Rimini Street is moving up the application stack as it rounded out business intelligence software support. The move indicates that Rimini can expand its product line---something that will be necessary for future growth.
On Monday, Rimini rolled out support for Oracle's Hyperion business intelligence modules such as planning, financial management, strategic finance and analytics. Rimini is promising 30-minute guaranteed support and 50 percent savings.
The implication here is that Rimini is now offering support for a product line that's growing quickly. Rimini made its name supporting legacy ERP systems.
I caught up with Rimini CEO Seth Ravin and operating chief Sebastian Grady outside of Oracle's Open World powwow in San Francisco. Here's a look at the highlights of our conversation:
On the move to business intelligence support, Ravin said supporting Oracle's Hyperion as well as SAP's Business Objects "fills out the rest of the puzzle pieces" to its model. Business intelligence held prospective customers up from moving their transaction systems to Rimini Street. Why? Often BI and enterprise resource planning systems were on the same maintenance contract. Ravin expects business intelligence support will break through a barrier. "Analytics is the next phase moving beyond transactions," said Ravin. "We have experience in the BI space and it's often custom."
Referring to bundled contracts, Ravin said that Oracle and SAP are looking to bundle maintenance for various products since it's a defense against Rimini. Grady noted that "smart customers" aren't doing EULAs and bundled contracts because it limits them.
And about that ongoing Oracle lawsuit. Oracle has sued Rimini over third party support and Ravin remains confident his company will win. A trial date is set for sometime in 2013. "We continue to launch Oracle product lines so we don't doubt our position," said Ravin, who added Rimini's revenue growth is 33 percent despite the Oracle suit. If Rimini should win out, Ravin expects a bevy of large companies---beyond IBM, 3M, Pfizer and others---to eye third party support, which undercuts SAP and Oracle by a wide margin.
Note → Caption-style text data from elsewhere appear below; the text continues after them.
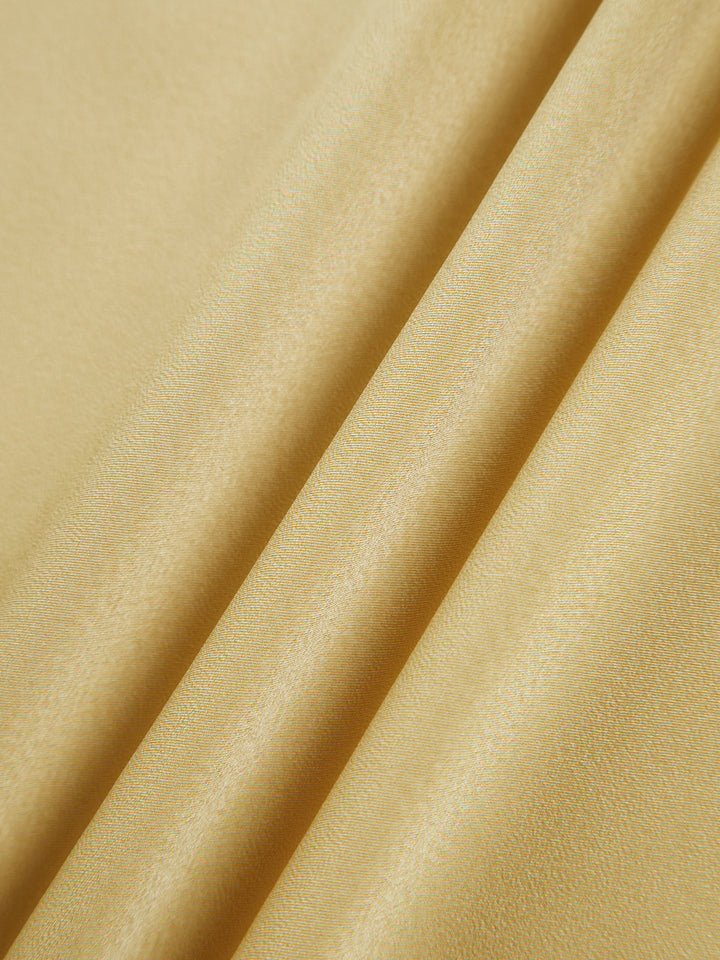 Mondlicht Kleid mit offenem Rücken und Satin-Schlitz, lang
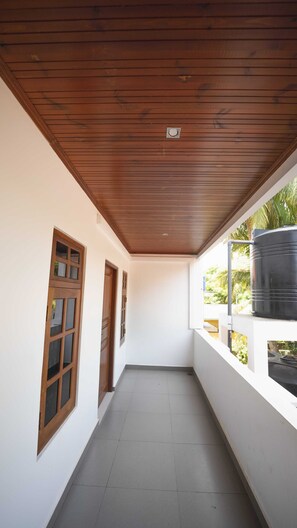 Family Apartment | Terrace/patio - Jamuna Villa (Nallur)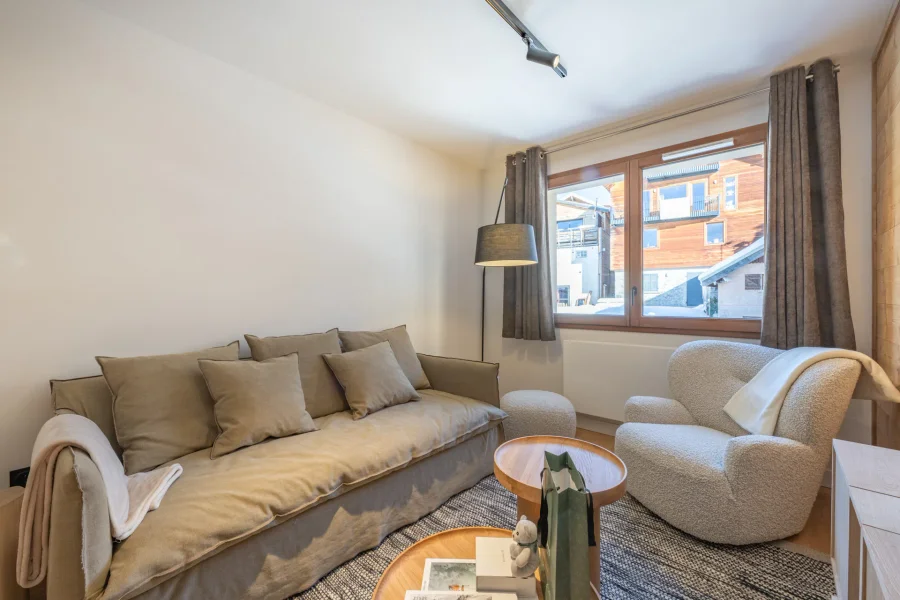 Bright apartment close to the centre photo 3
Ravin is conservatively modeling a 10 percent to 20 percent invoicing jump once the lawsuit is resolved. "We have moved forward with more than 220 customers since the Oracle litigation," he said.
What's after the lawsuit is resolved? Ravin said that he expects a number of large customers to come off the sidelines. He also expects that a number of new players will enter the third party support game over time. "We will see erosion as new players enter the game," said Ravin.
There's a bit of tension between Rimini and system integrators. Ravin explained that Rimini frequently works with integrators because there's a joint responsibility to support customers and keep systems humming. However, there's a natural tension. Integrators and hardware and software vendors benefit from convincing customers to change and update software. Rimini's approach is to keep your transactional systems and milk them for lower maintenance costs. "Rimini is a threat to the money chain so we're seen in a different way (by integrators," said Ravin. "There's a tension between us and them."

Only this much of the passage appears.